Как справедливо замечает Тхоржевский: «Пусть земля наша – нищая»… Никогда Пушкин так не сказал бы! Она не должна быть нищей, русская земля, не должна она быть приниженной. Пушкин – это энергия, стойкость, движение, «народ освобожденный» и «рабство падшее», Россия «облагороженная и бодрая». Недаром «для Пушкина честь, гордость и право – не пустые слова. Из стен Лицея вынес он стойкую веру в человека. <…> Пушкину была бы непонятна, противна сама мысль Достоевского – нагнуть голову русским просвещенным верхам, принизить их перед безымянной, безличной, мнимо христианской стихией простонародья»[131].

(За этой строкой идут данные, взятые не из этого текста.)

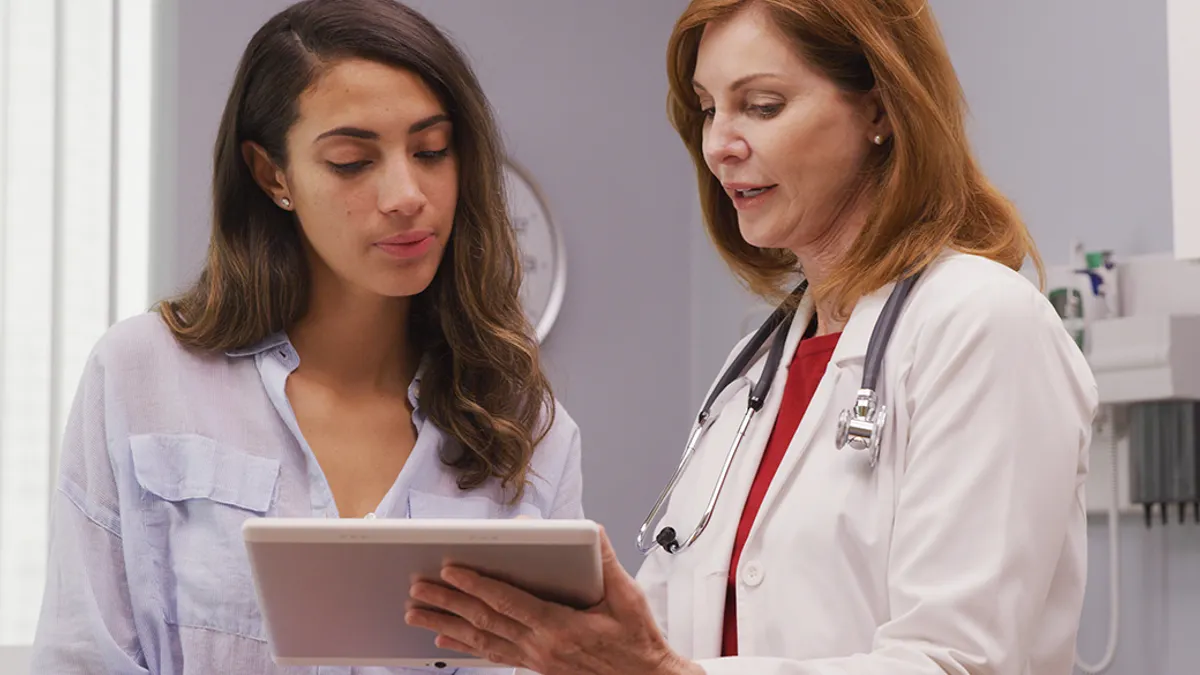 Female doctor talking to a female patient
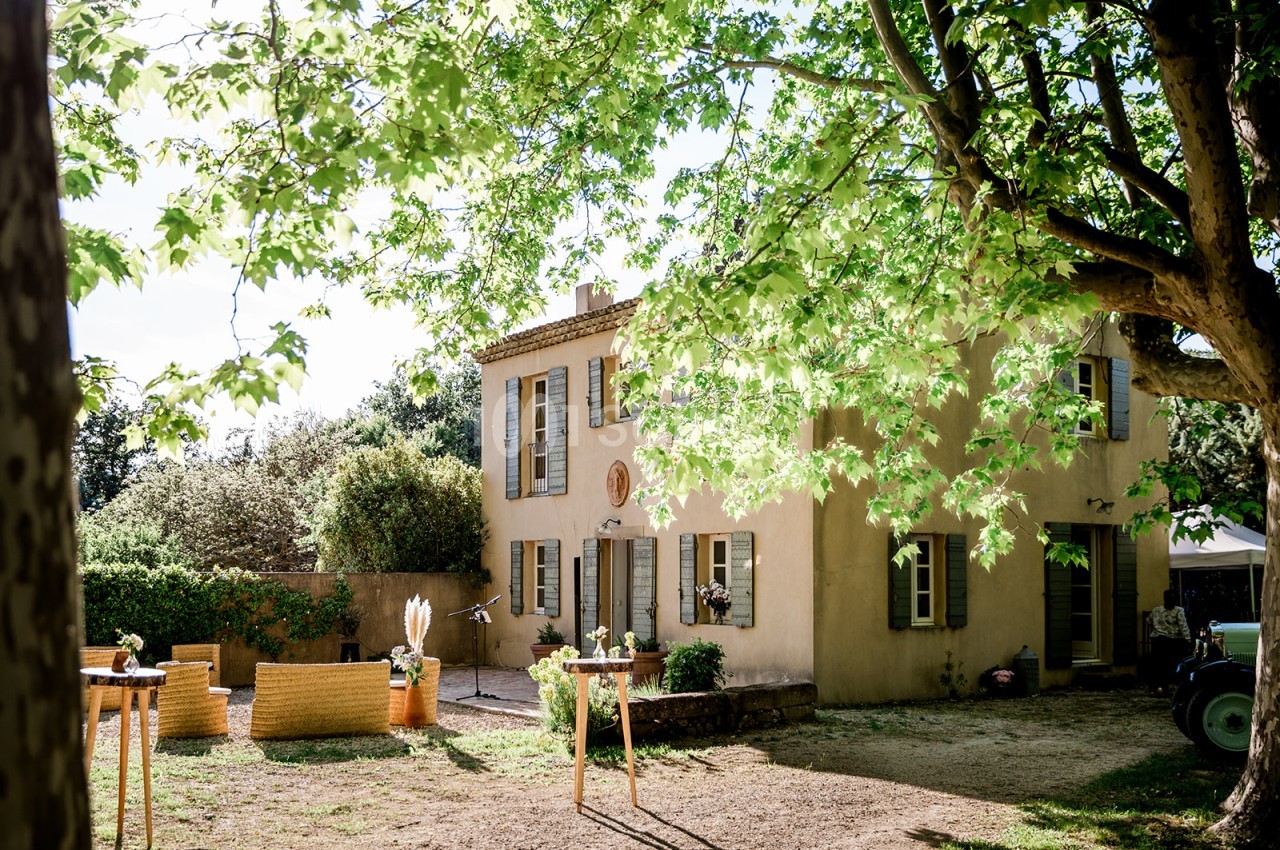 Maison provençale ocre à deux étages avec volets bleus, cour de gravier ombragée par un grand arbre feuillu.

Если Толстой, Достоевский, Данилевский и другие пророки писали по сути дела Ветхий Завет – с его национальной исключительностью, жаждой стать первыми среди народов, то о творчестве Пушкина можно сказать, что русское Евангелие с его идеей примирения всех народов и страстей («когда народы, распри позабыв, в единую семью объединятся») было до русского Ветхого Завета. Поэтому, конечно, прав Г. Адамович: «Наша послепушкинская литература, как бы ни казалось это на первый взгляд парадоксальным, литература безумная, сознательно включающая страшный риск, а если в своей библейской несговорчивости это – безумие священное, высокое, что и потрясло в конце прошлого века западный мир, то с Пушкиным оно все же решительно не в ладу»[132] (курсив мой. – В.К.). Действительно, безумие – это то, что глубоко чуждо Пушкину. Особенно чужд был ему толстовский морализм, пытавшийся себя навязать всему миру, по сути предвещавший большевистскую жестокость. Это тоже отметили русские эмигранты. Г. Мейер писал: «Сущность пушкинского Сальери неизмеримо сложнее и глубже толстовской. Вообще, переброс от Сальери к Толстому – всего лишь частный эпизод, молниеносное пророчество Пушкина о поджидавшем нас яснополянском капкане, темном тупике девятнадцатого века»[133].